Recent advances in the perioperative management of patients undergoing LR have improved the safety of hepatectomy and expanded criteria for selecting patients for surgery. Indeed, a recent study by Cloyd et al[26] evaluated nearly 4000 patients who underwent LR over two decades and noted steady improvements in postoperative morbidity despite increases in case complexity. Improvements in the outcomes of LR are likely multifactorial but improved patient selection, evaluation and optimization, are paramount. Accurate liver volumetry and future liver remnant augmentation have been important strategies for minimizing post hepatectomy and postoperative liver failure[27,28]. Improved perioperative and anesthetic care, including reduced intravenous fluid administration and less blood loss, have similarly been critical advances in contemporary hepatic surgery. The introduction of enhanced recovery after surgery processes have further contributed to reduced morbidity following surgery and are now commonly routinized at major medical centers[29]. Finally, implementation of laparoscopic and robotic approaches for surgery have led to reduced postoperative pain, blood loss, and length of hospital stay with similar outcomes compared with open approaches[30-33].

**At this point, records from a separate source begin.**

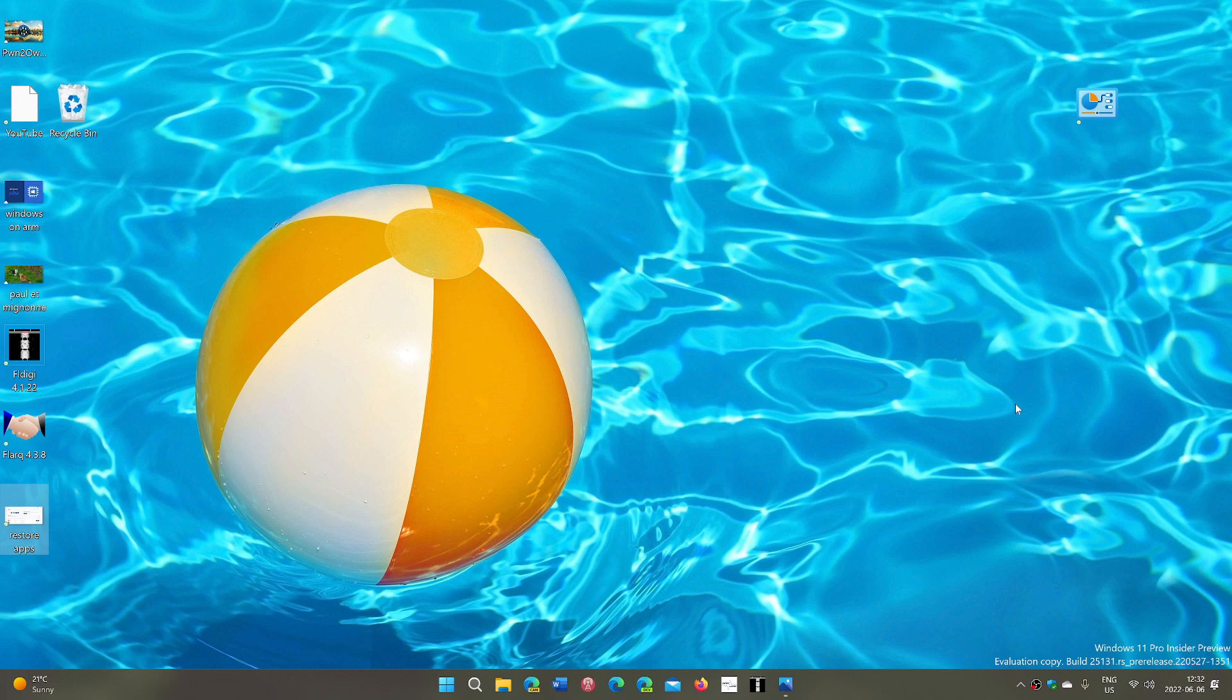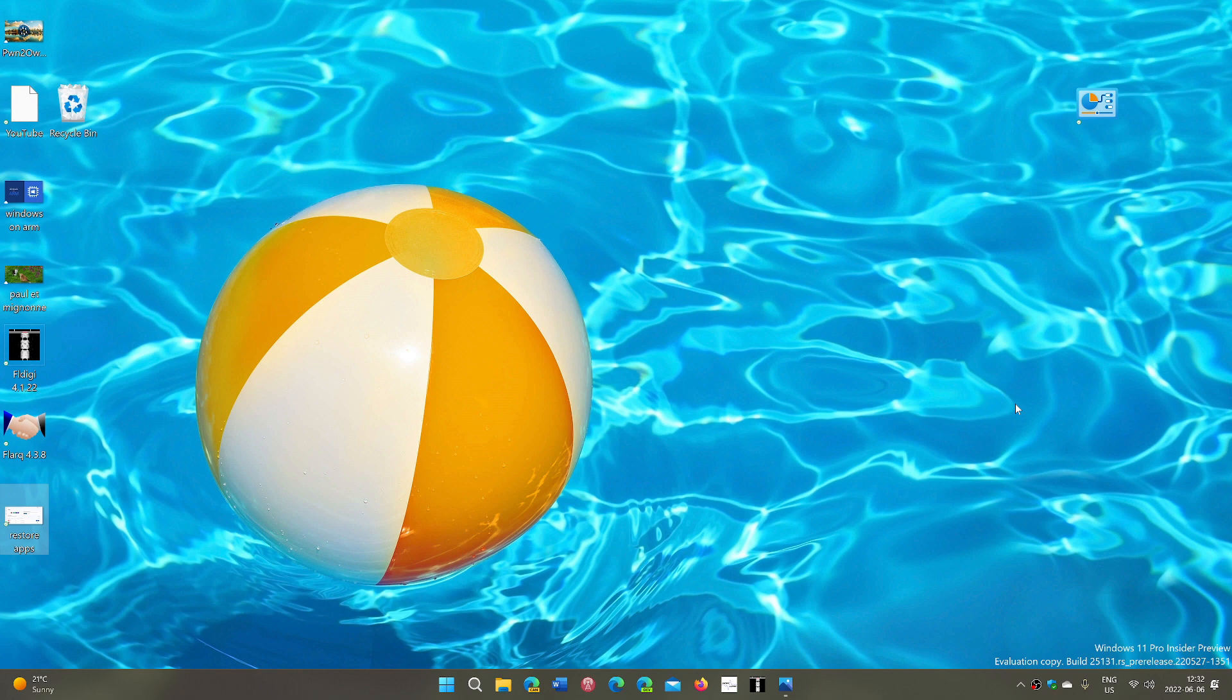So they're going to probably have this surprise post someday of, oh by the way, 22H2 for Windows 10 is here and will contain probably a few little things and that's it. Very little things.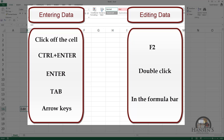So we looked at the modes of the spreadsheet: the ready mode, the enter mode, and the edit mode. We entered data into a cell and left the cell in a number of different ways — we clicked off of it, used the Enter key, Control+Enter to stay in the cell, the Tab key to move right, or one of the arrow keys. Then we edited content by pressing F2, double-clicking the cell, or editing directly in the formula bar.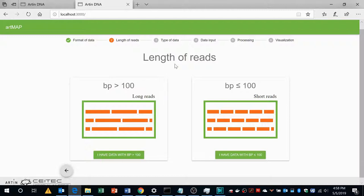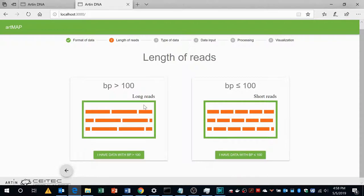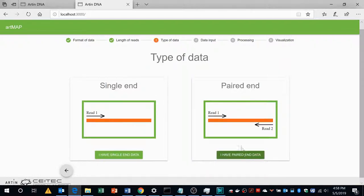The second question it will ask is about the length of the read. It can be long read or short read. In our case it is short read which is less than 100 base pair. I will go for short read.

Prior studies evaluating the role of IA for NELM have demonstrated that this therapeutic approach is generally well tolerated and is indicated for patients whose tumors are not amenable to resection[6,34] though the safety of IA during surgery for NELM has not been thoroughly evaluated[34-36]. In this study, we noted that IA was associated with decreased 30-d morbidity in univariate analysis though this association did not persist on multivariate analysis. These findings are consistent with a recent study evaluating IA during resection of colorectal liver metastasis which found lower overall morbidity, hospital length of stay, and readmission rates in patients who underwent LR and IA compared to patients who underwent LR alone[37]. Based on these results and others, IA appears to be a safe and effective strategy to expand the surgical options for patients with multifocal NELM.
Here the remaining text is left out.